### What you are asked to do
Starting at the line that contains "Dress the dish." in the listing below, write out every line word for word until you have written the line that contains "Today, we're going".

Start of Records shown

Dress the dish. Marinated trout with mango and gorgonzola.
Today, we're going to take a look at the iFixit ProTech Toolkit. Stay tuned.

End of Records shown
Start of Records shown

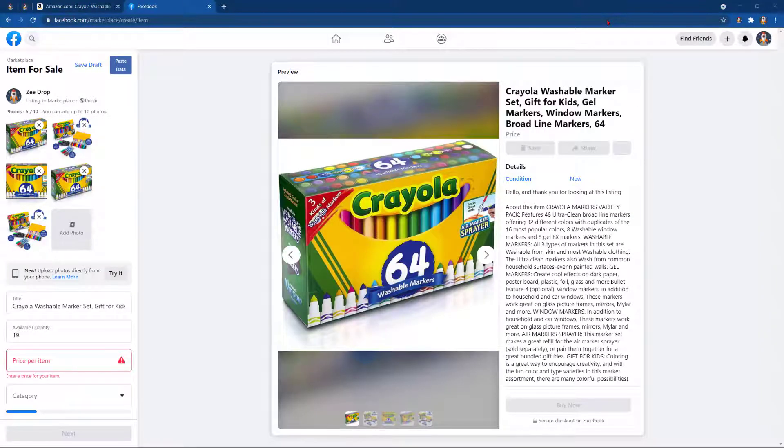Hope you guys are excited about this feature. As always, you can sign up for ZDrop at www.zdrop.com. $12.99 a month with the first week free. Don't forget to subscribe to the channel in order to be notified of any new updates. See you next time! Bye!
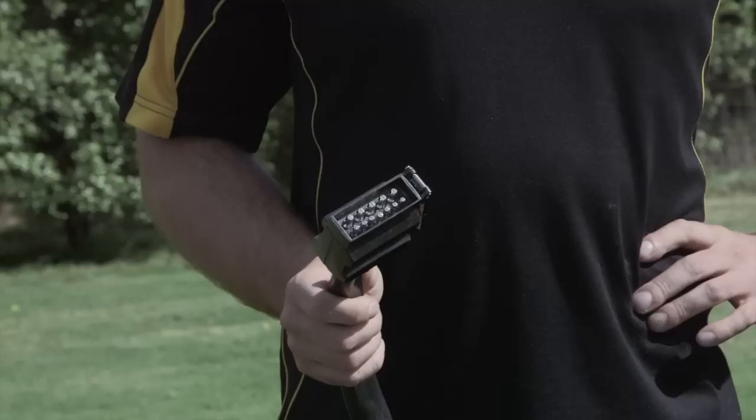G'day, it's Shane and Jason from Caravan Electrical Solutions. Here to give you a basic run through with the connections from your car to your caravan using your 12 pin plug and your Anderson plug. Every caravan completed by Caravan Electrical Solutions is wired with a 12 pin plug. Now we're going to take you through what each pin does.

End of Records shown

### Final answer
Dress the dish. Marinated trout with mango and gorgonzola.
Today, we're going to take a look at the iFixit ProTech Toolkit. Stay tuned.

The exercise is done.